# Is a 8 gauge wire enough to power a 300 watt amp?



## cacho (Feb 27, 2002)

Thanx for the help.


----------



## Blue Flame (May 27, 2001)

*Re: Is a 8 gauge wire enough to power a 300 watt amp? (cacho)*

you mean as your power line? um..........i wouldn't try it


----------



## Non_Affiliated (Feb 12, 2002)

*Re: Is a 8 gauge wire enough to power a 300 watt amp? (cacho)*

Yes and no. It should be fine with runs under 18 or 16 Feet. Over that I would suggest using 6 or 4 Gauge. Heck I ran the old school Punch 150 off of 8 Ga. It was not a problem for those old power hogs.


----------



## Roadkill (May 16, 2001)

*Re: Is a 8 gauge wire enough to power a 300 watt amp? (cacho)*

heck, i'm running two 600w amps and a 400 of of 8 guage wire, been like that for three years never had any problems


----------



## Cause4panic (Jun 18, 2003)

i ran two 8 guage wires to my trunk 
1 running a 800 watt 4 channel sony
1 running a 1000 watt mono sony.
no problems so far, and i cracked my windsheild with the mtx subs lol


----------



## Tuba_Transport (Jul 4, 2000)

*Re: Is a 8 gauge wire enough to power a 300 watt amp? (cacho)*

yup. You'll be fine.


----------



## Non_Affiliated (Feb 12, 2002)

*Re: Is a 8 gauge wire enough to power a 300 watt amp? (Tuba_Transport)*

Ok I have to call it when I see it, but 2 600 Watt amps and a 400 watt amp on a single 8 Gauge wire?
Then a 800 Watt amp on one 8 Ga, wire, then a 1000 Watt amp on one 8 Ga. wire. I'm sorry but most of these amps must be stamped with the power rating on the case of the amp and have the word "Peak or Max" on the amp.


----------



## Cause4panic (Jun 18, 2003)

its no **** bro, yo can usually tell if the maker of the amp is bsing about the power rating by looking at the fuse and its power rating. the 1000 watt sony amp has 3 25amp fusses. and the 800 watt amp has 2 25amp fuses. check what your amp has then go and call me a lier.


----------



## Str8desi84 (Aug 7, 2000)

*Re: (Cause4panic)*


_Quote, originally posted by *Cause4panic* »_its no **** bro, yo can usually tell if the maker of the amp is bsing about the power rating by looking at the fuse and its power rating. the 1000 watt sony amp has 3 25amp fusses. and the 800 watt amp has 2 25amp fuses. check what your amp has then go and call me a lier.

post links to your amps and we'll def call you a liar
i take it you bought these xplod amps?








yea, that's def not pushing 800 watts








_here are the specs_ : 75 watts RMS x 4 at 4 ohms 
100 watts x 4 at 2 ohms 
200 watts x 2 in bridged mode 


_Modified by Str8desi84 at 11:37 PM 9-17-2003_


----------



## BK Industries (Oct 21, 2000)

*Re: (Str8desi84)*

This is for anyone that needs 6GAUGE power wire and we all know that 6GA is very hard to find in car stereo shops. . .I have Ancor marine grade wire, which I run 700w RMS (clean watts) on without any problems.
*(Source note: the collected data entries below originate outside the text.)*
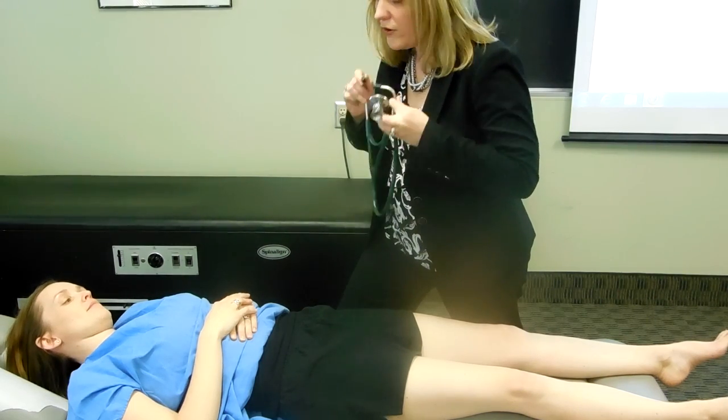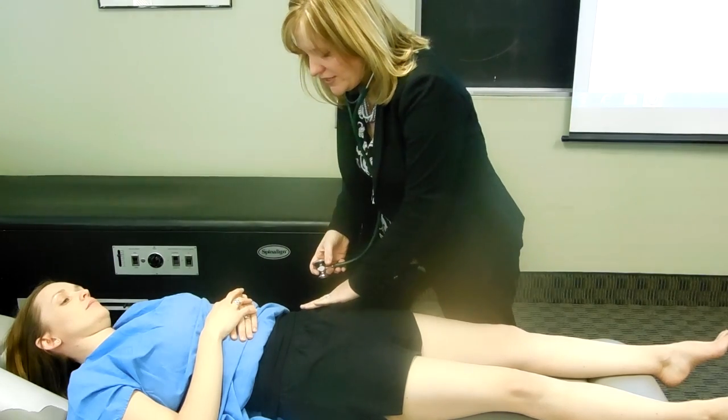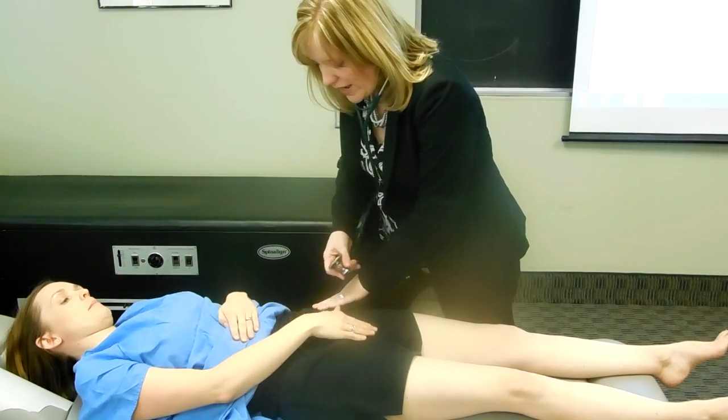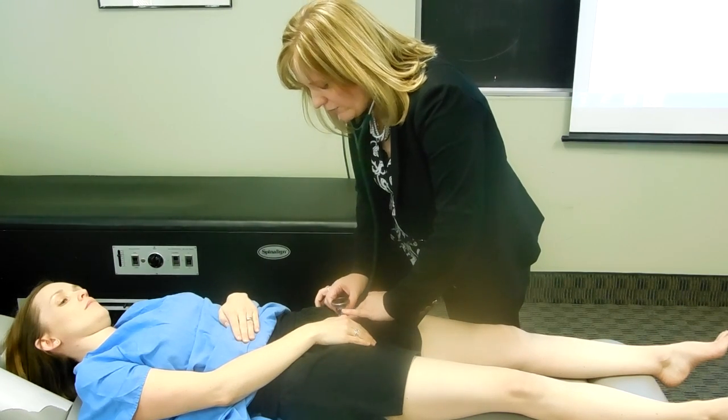For auscultation of the femoral artery, you're going to use the bell of your stethoscope. You palpate the patient's ASIS, then palpate their pubis. You find that midpoint, then go inferior to the inguinal ligament.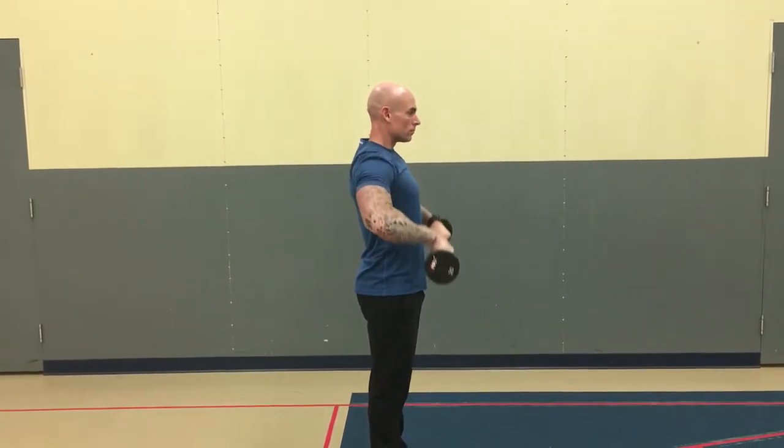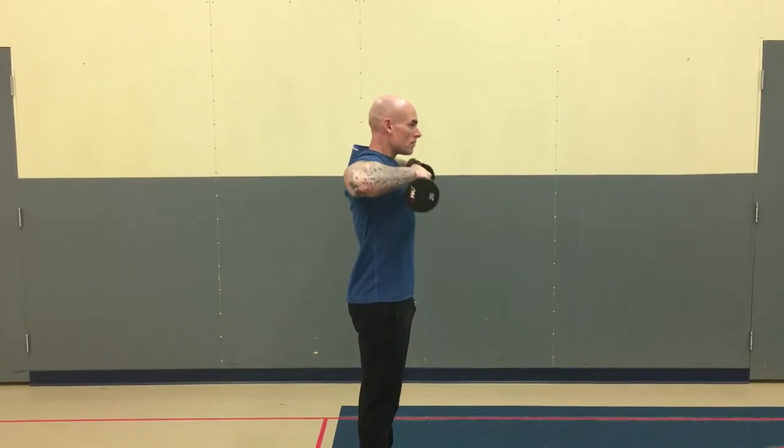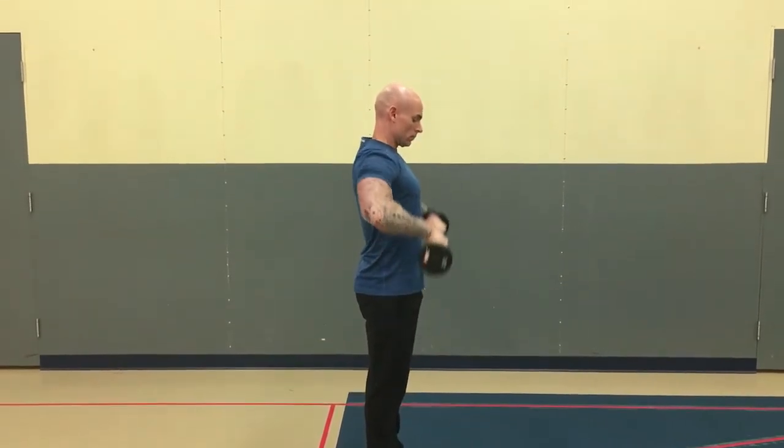Grab a barbell with a double overhand grip and lead with the elbows pulling up. You want the elbows always higher than the wrists when pulling up. People with shoulder problems will have to watch doing this exercise, as you may not be able to do them.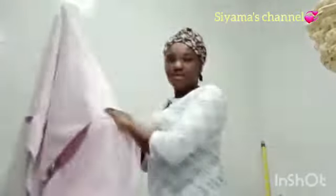So guys, I'm done washing my face. Let me get my towel — I'm done washing my face. Don't worry about my hair. This is my towel.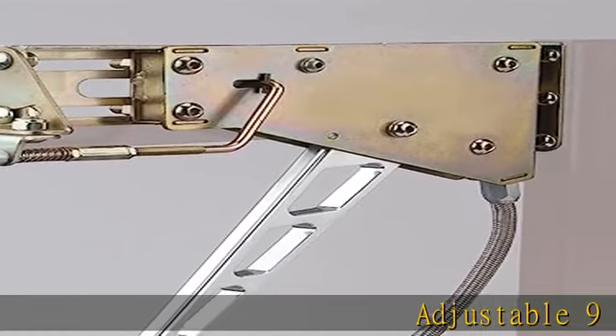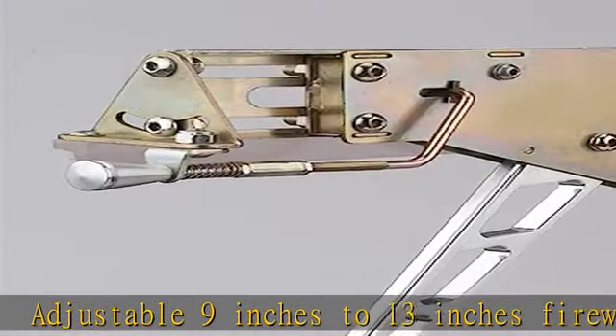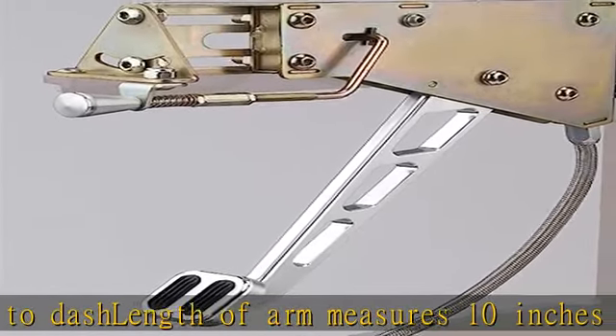Adjustable 9 inches to 13 inches firewall to dash length. Arm measures 10 inches from the pivot point. Various location mounting capability. Heat treated gears, hidden gears or mechanisms for clean finish. See more product details in the description to get this product today at the best price.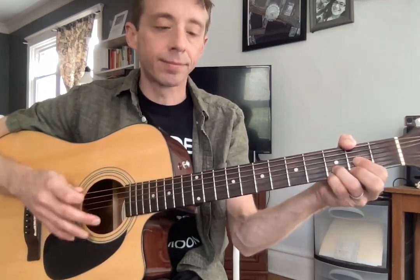Here we go. One, and two, and here we go. One, rest. Rest. Rest. One, rest. Two, three, one — keep repeating. One, two, three. There's your triplet. One more time.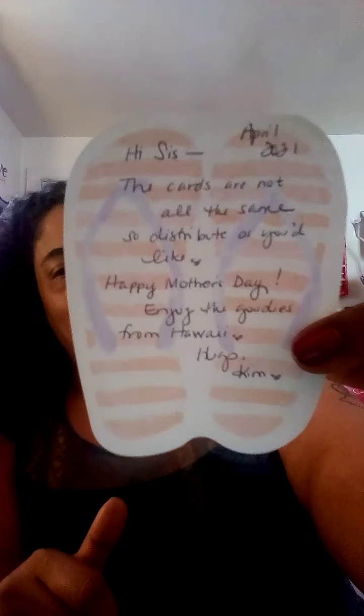She's added a little note. It says, 'Hi sis, the cards are not all the same, so distribute as you'd like. Happy Mother's Day. Enjoy the goodies from Hawaii.' Oh my God! Look at the paper she used — it's a little pair of flip-flops. She also said she got a little itch. Let me do the cards and then I'll do all the goodies.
Only 75cents/foot.
IM me here if interested


----------



## Rocco_crossing (Dec 19, 2002)

*Re: (BoneKrusher)*

Not to cross post but is that to small for a battery reloc. to the rear of a rocco ~20 ft.?


----------



## Str8desi84 (Aug 7, 2000)

*Re: (BoneKrusher)*

i still have all that wire laying on the floor..damnit, i gotta finish my audio








i'll chime in and letcha know if my car starts on fire or anything


----------



## Non_Affiliated (Feb 12, 2002)

*Re: (Cause4panic)*


_Quote, originally posted by *Cause4panic* »_its no **** bro, yo can usually tell if the maker of the amp is bsing about the power rating by looking at the fuse and its power rating. the 1000 watt sony amp has 3 25amp fusses. and the 800 watt amp has 2 25amp fuses. check what your amp has then go and call me a lier.

Wow I must have some monsters then cause my 600W amp has a 60A fuse and my 200 Watt amp has a 40A fuse. That must mean that my 600W amps is really almost 1000W and my 200w amp must be more like 600W.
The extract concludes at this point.